**What you have to do**
I'd like the entries that follow repeated exactly, with the pictures left out.

Collection entries
■ ■ ■
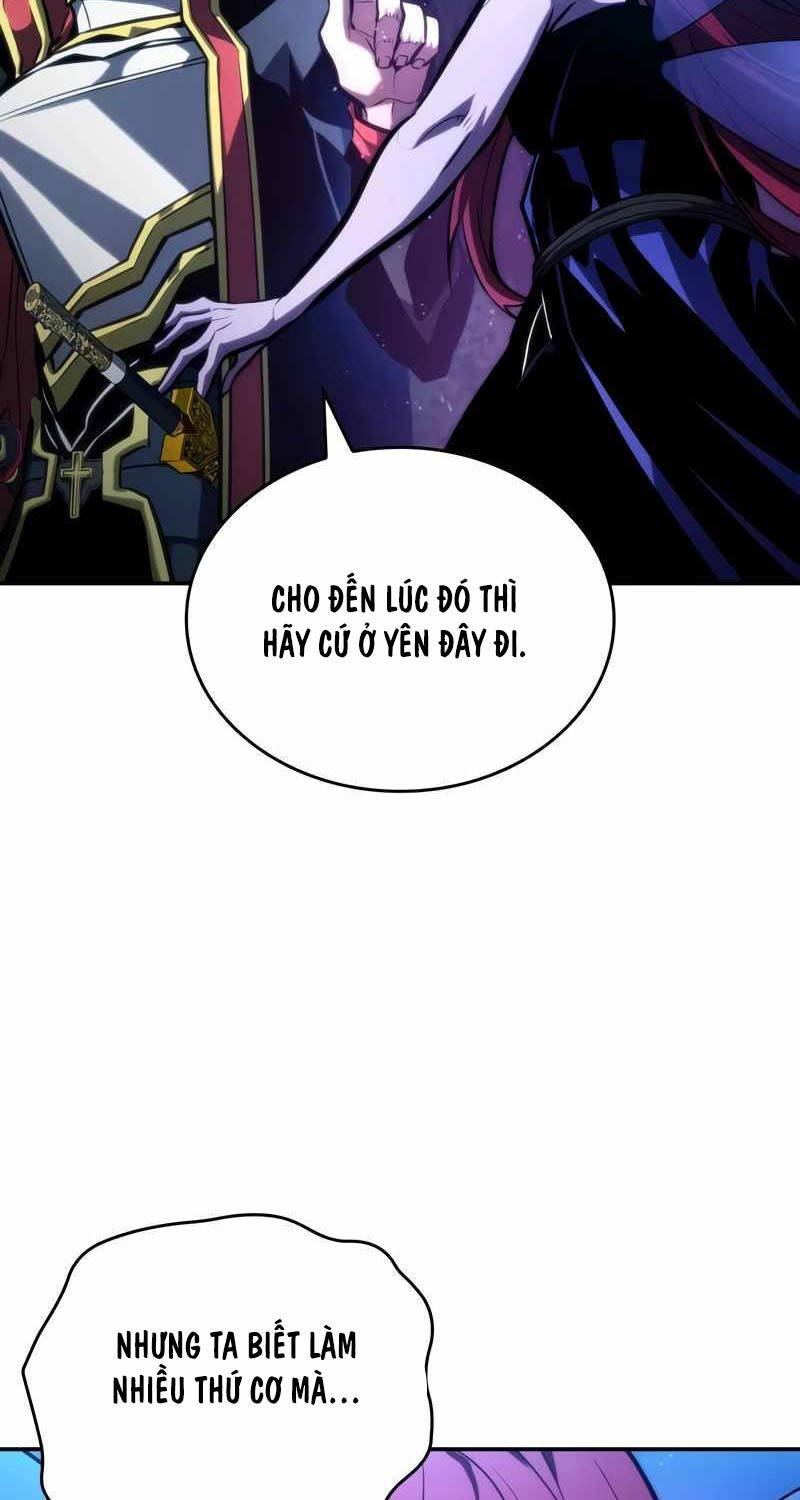 Chiêu Hồn Giả Siêu Phàm Chapter 91 - 44
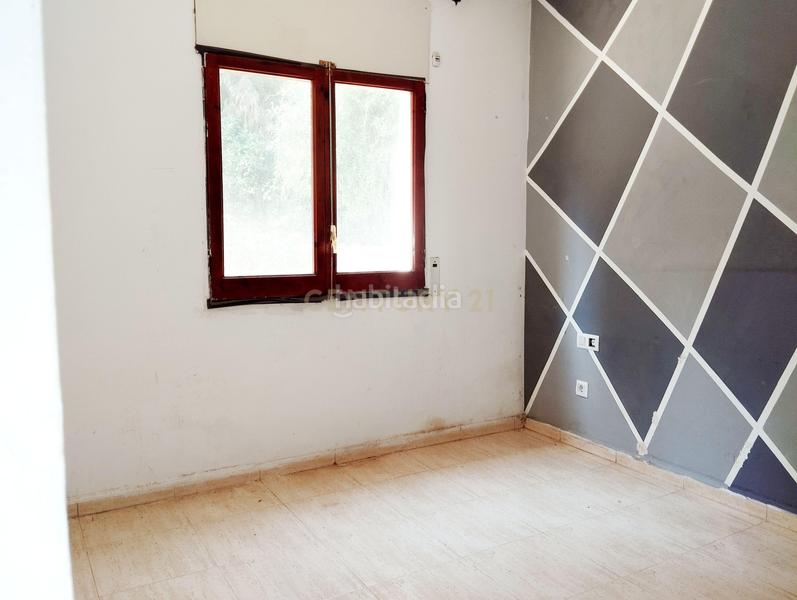 Foto a17fb853-e55f-4137-8696-8d49e9e48f0b. House in urbanización Aiguaviva Parc zb-166 in Aiguaviva Parc Vidreres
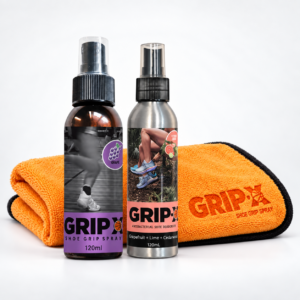 GRIP-X Court Essentials Pack - Image 24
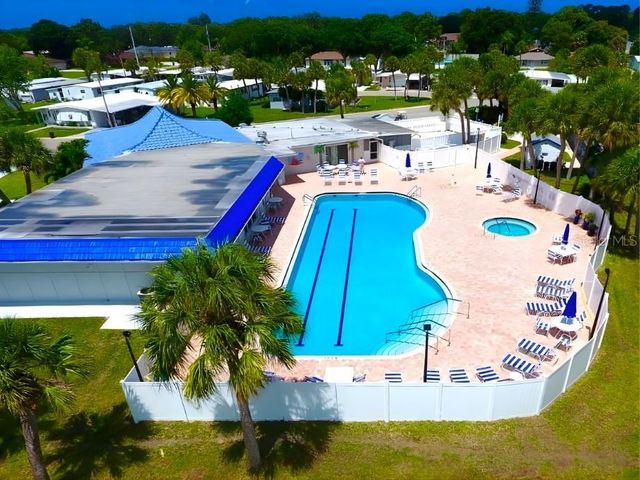 791 GLORIOSA DRIVE, Venice, FL 34293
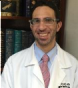 Dr. Andrew Bohmart, MD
■ ■ ■
**Response to the exercise**
 Chiêu Hồn Giả Siêu Phàm Chapter 91 - 44
 Foto a17fb853-e55f-4137-8696-8d49e9e48f0b. House in urbanización Aiguaviva Parc zb-166 in Aiguaviva Parc Vidreres
 GRIP-X Court Essentials Pack - Image 24
 791 GLORIOSA DRIVE, Venice, FL 34293
 Dr. Andrew Bohmart, MD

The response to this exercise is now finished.